In a statement, Italy’s Guardia di Finanza police force said the consignment of drugs worth more than 800 million euros ($880 million) was found in refrigerated banana containers shipped to the Calabrian port of Gioia Tauro from Ecuador.
Armenia was the final destination of the shipment, via Georgia’s Black Sea port of Batumi, said the statement.
Calabria is home to the Ndrangheta crime syndicate, which is now widely regarded as Italy's most powerful mafia organization playing a central role in the drugs trade.
Earlier this month, the Italian police also found in Gioia Tauro 600 kilograms of cocaine which they said was bound for other parts of Italy as well as Croatia, Greece and Georgia.
Armenian law-enforcement authorities did not immediately react to their latest major drug bust. It was not clear whether the authorities will try to investigate the alleged cocaine shipment to Armenia foiled in Italy.
Agnessa Khamoyan, an Armenian opposition parliamentarian, expressed serious concern over the development.
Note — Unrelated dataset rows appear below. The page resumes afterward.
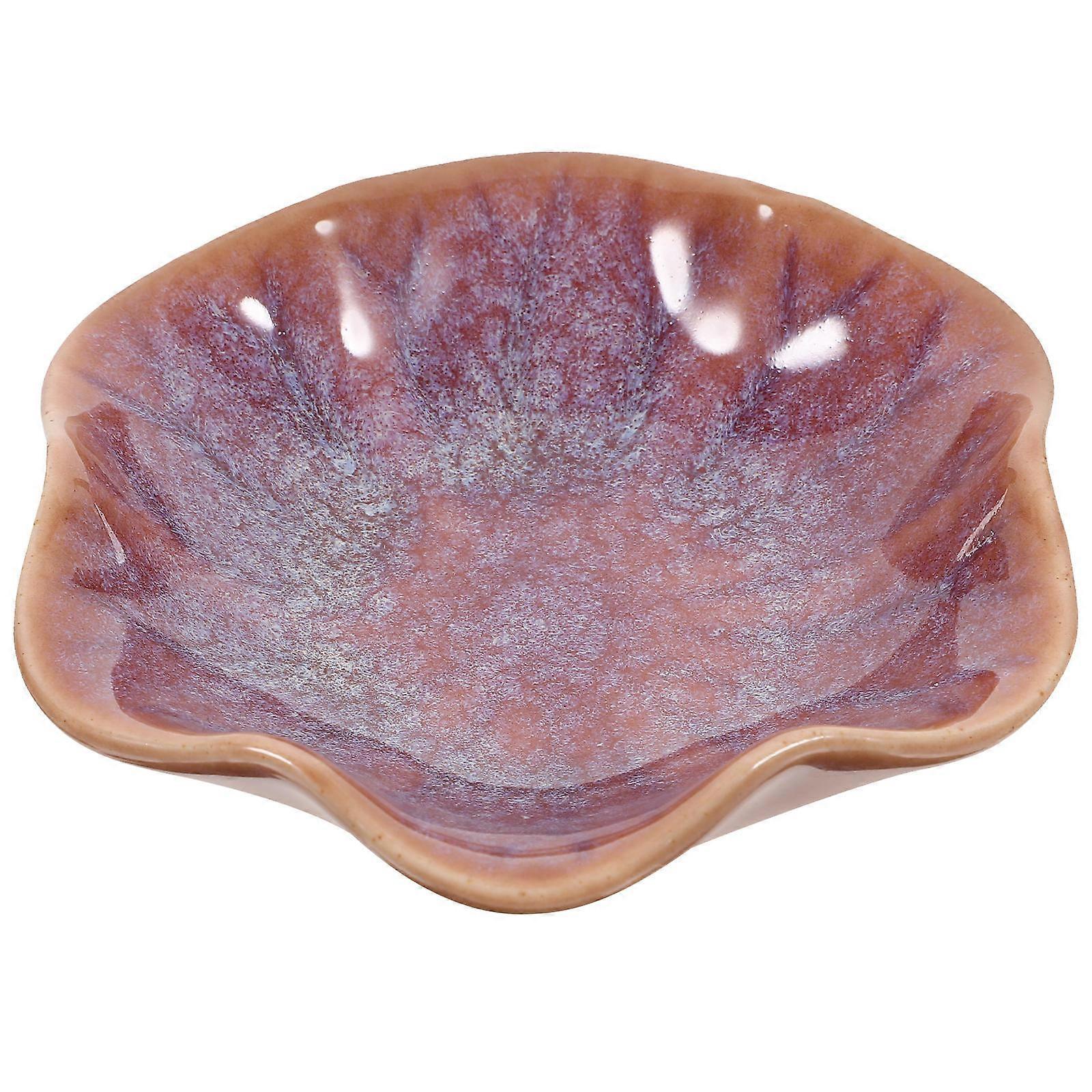 Jewelry Dish Tray Ceramic Jewelry Plate Decoration Purple Red 11.00X11.00X3.10CM Organization 1Piece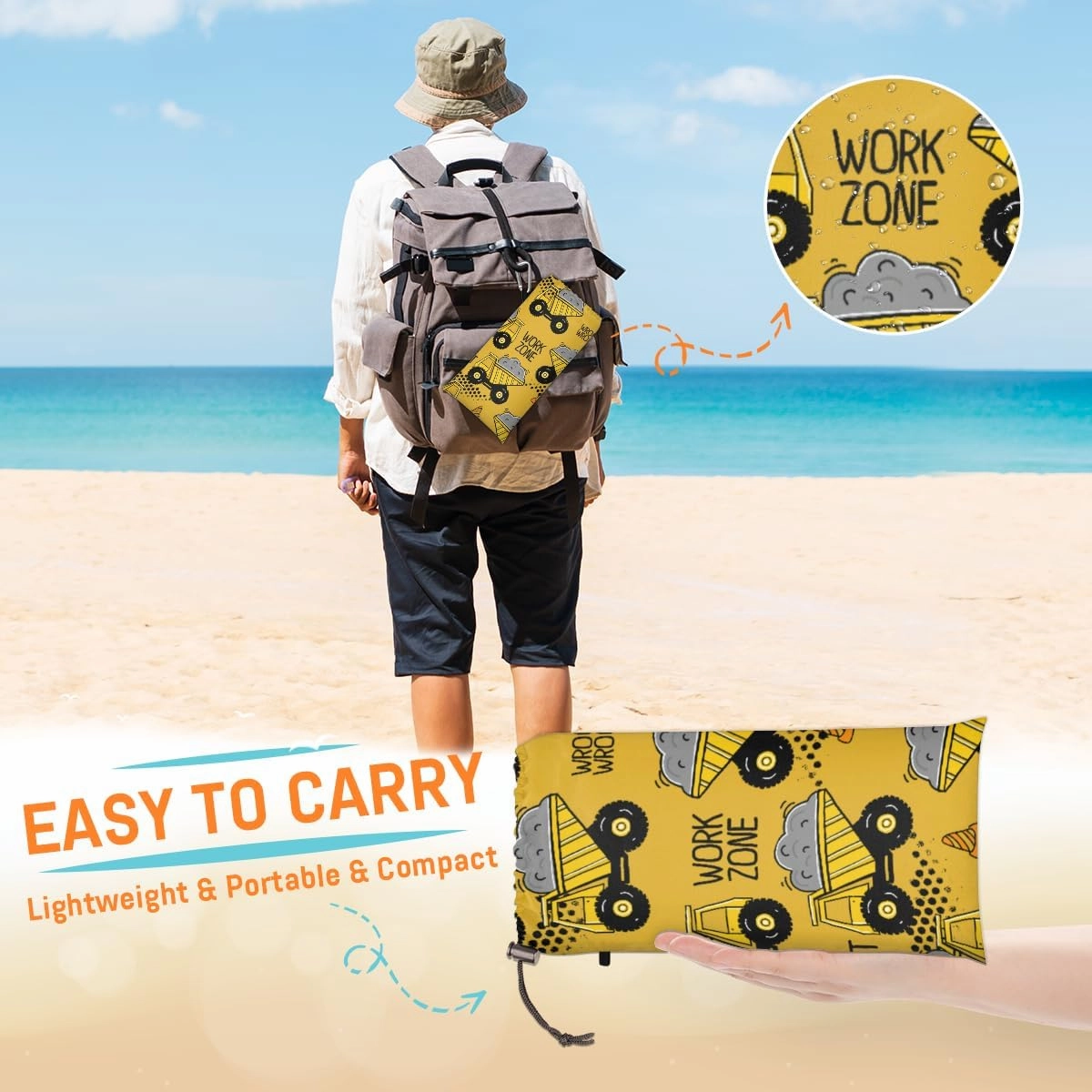 Beach Blanket, Cartoon Truck Sandproof Beach Mat, Waterproof Quick Drying Sand Free Mat with 4 x Ground Spikes for Outdoor Travel Camping Hiking, Excavator Construction 68 x 59 in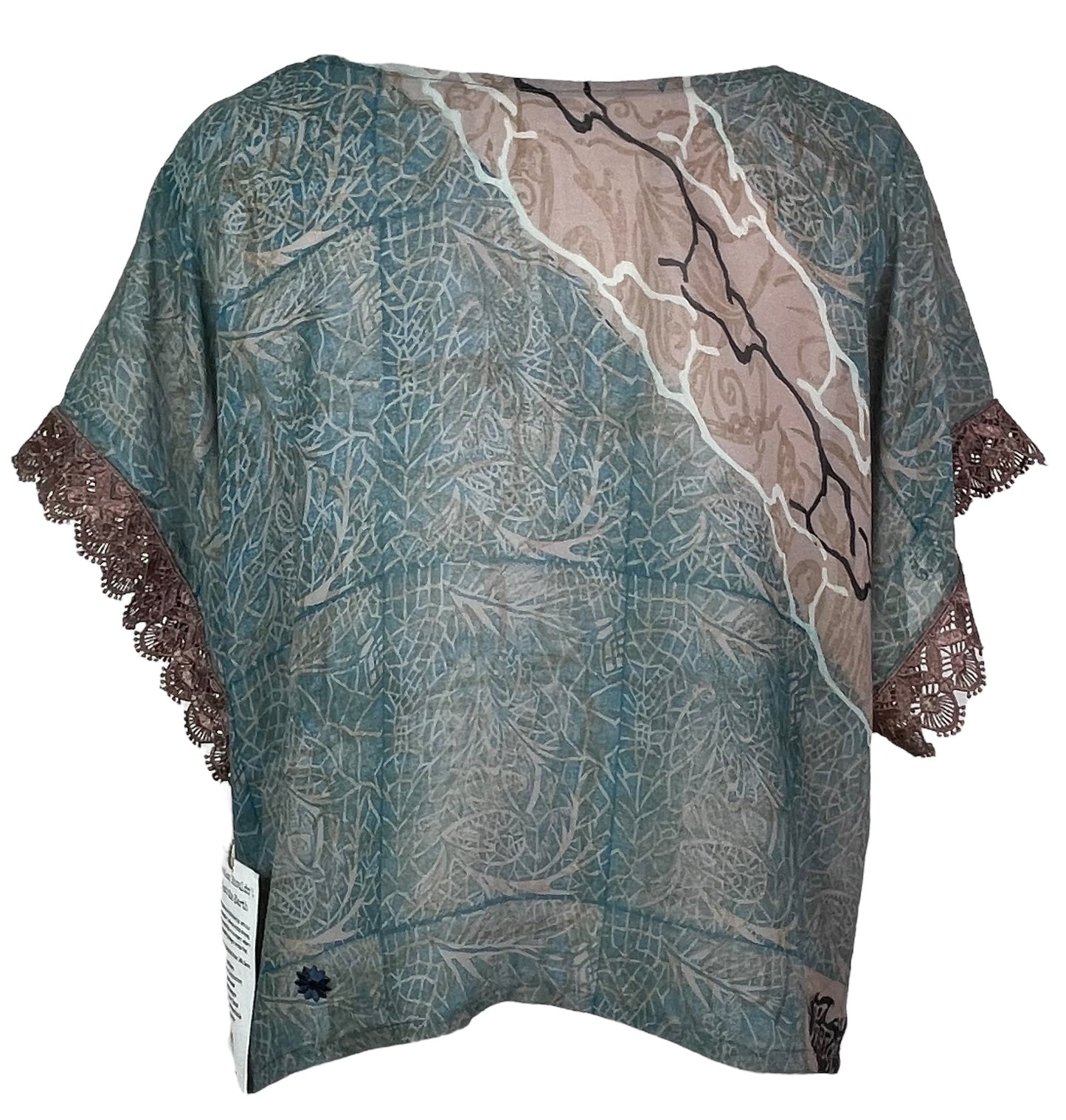 PRG5507 Sheer Avatar Pure Silk Boxy Top - Velora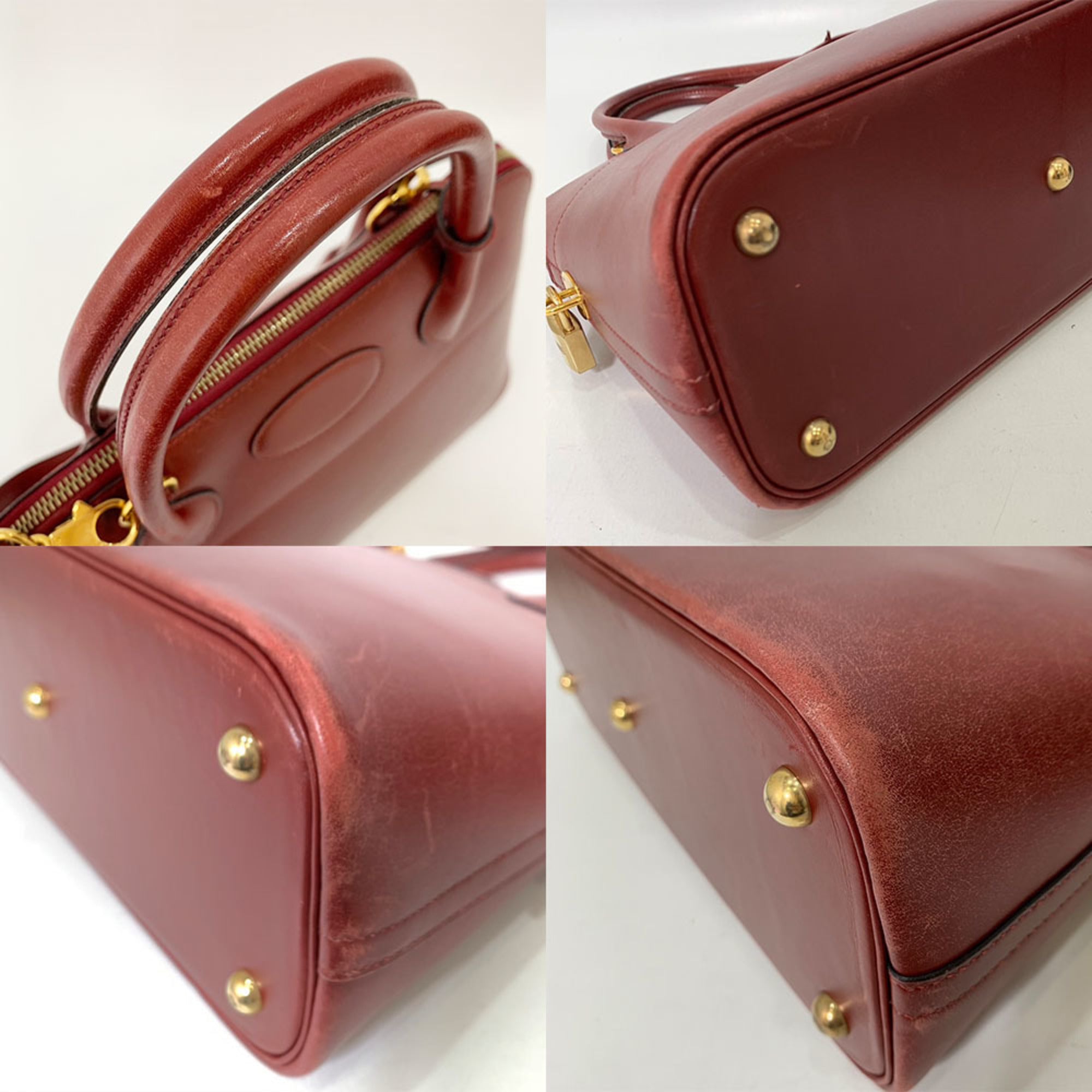 Hermes Bolide Bordeaux Brown Red Color Box Calf Leather Handbag (Pre-Owned)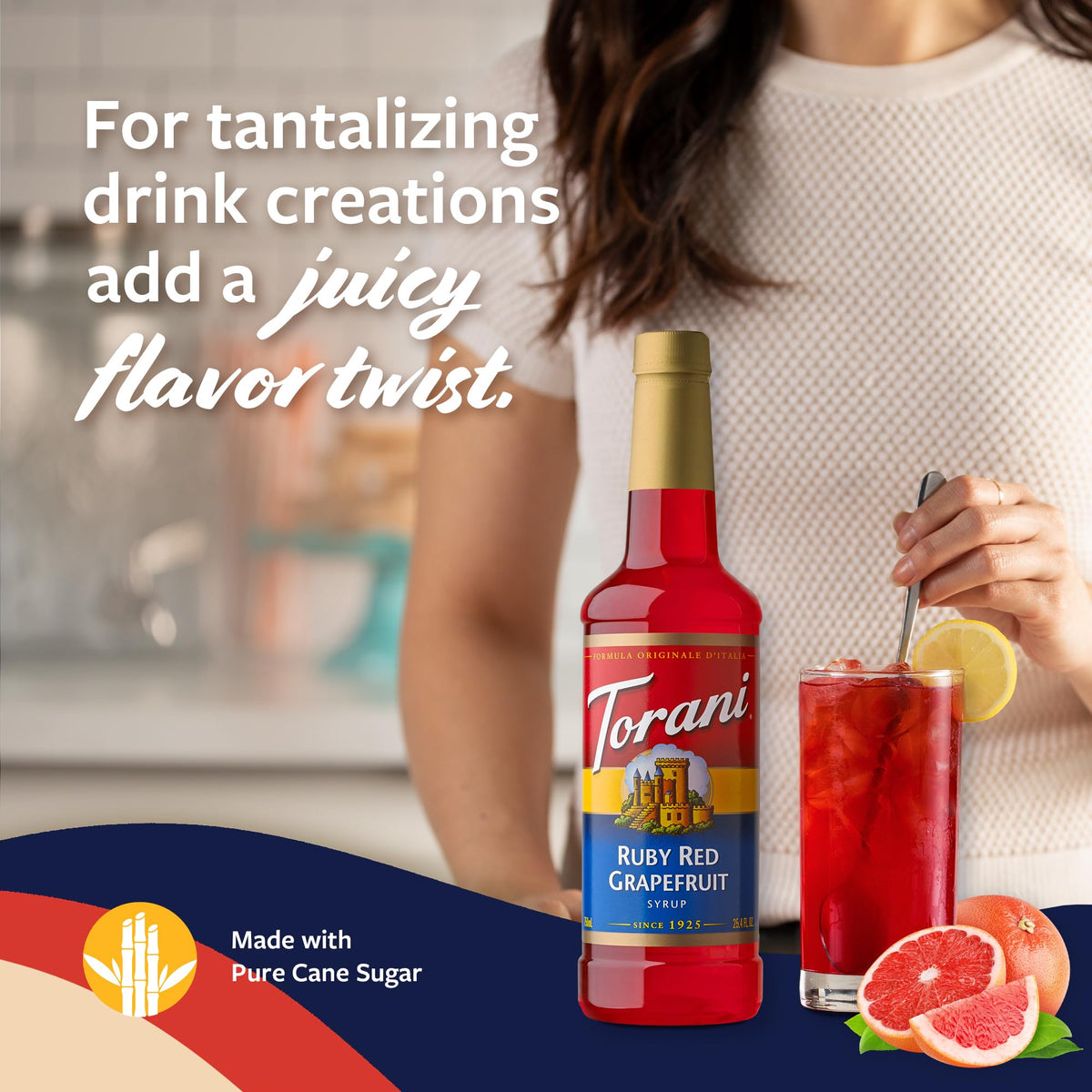 Torani Ruby Red Grapefruit Syrup for cocktails adds bright balance.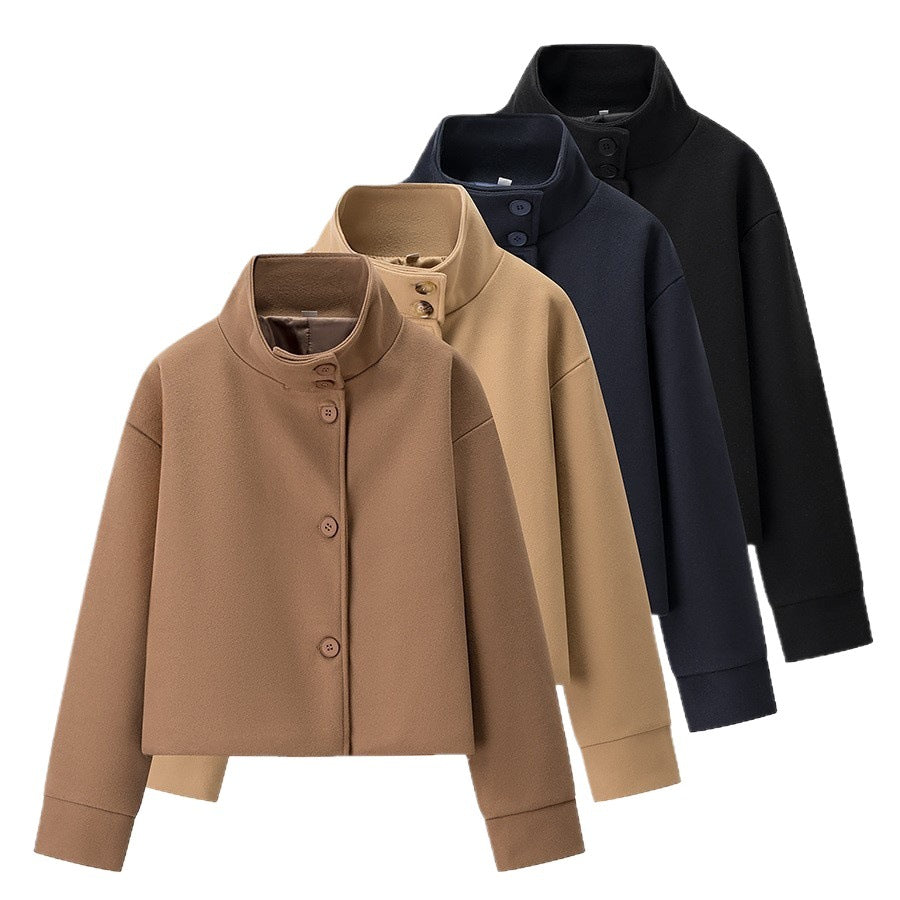 Damen cropped Blousonjacke mit elegantem Stehkragen und Knopfverschluss Drune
She suggested that senior Armenian officials or “persons very close to the government” were involved in the botched drug trafficking operation.
The number of drug trafficking cases recorded by the Armenian police nearly doubled last year, highlighting a growing problem in a country not accustomed to widespread drug abuse. The sharp rise in such cases is widely blamed on increasingly accessible synthetic drugs mainly sold through the internet.
Khamoyan mentioned this “awful statistics” in a Facebook post on the Italian police statement. “This is a serious threat to national security, and I am sorry to say that the state is not taking any serious steps to tackle it,” she wrote.
Some pro-government lawmakers likewise criticized the Armenian police over the alarming trend when they met with Interior Minister Vahe Ghazarian in February. Ghazarian assured them that the police are stepping up their fight against drug-related crimes.